■ Aim of the task ■
In the entries below, find the line with "Yoga Mat Storage Bag Waterproof" and the line with "5e1554547bcaf96367285dbaf1482dd4.jpg". Reproduce those two lines and every line between them exactly, and nothing more.

■ Data for analysis ■
______
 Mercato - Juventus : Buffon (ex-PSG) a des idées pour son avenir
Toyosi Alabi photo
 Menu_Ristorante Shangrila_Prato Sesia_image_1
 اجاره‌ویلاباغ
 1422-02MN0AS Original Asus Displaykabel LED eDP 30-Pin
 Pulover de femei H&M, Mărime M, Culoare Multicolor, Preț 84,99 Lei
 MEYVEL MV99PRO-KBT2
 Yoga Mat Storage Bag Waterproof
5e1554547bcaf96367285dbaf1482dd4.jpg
______
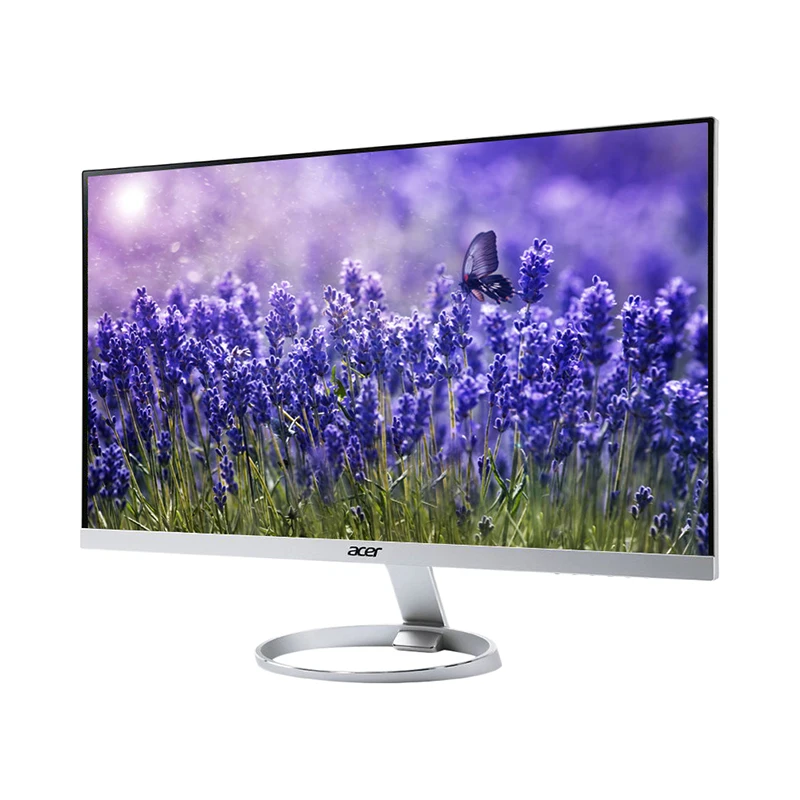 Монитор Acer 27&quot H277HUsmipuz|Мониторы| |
______
■ Task output ■
 Yoga Mat Storage Bag Waterproof
5e1554547bcaf96367285dbaf1482dd4.jpg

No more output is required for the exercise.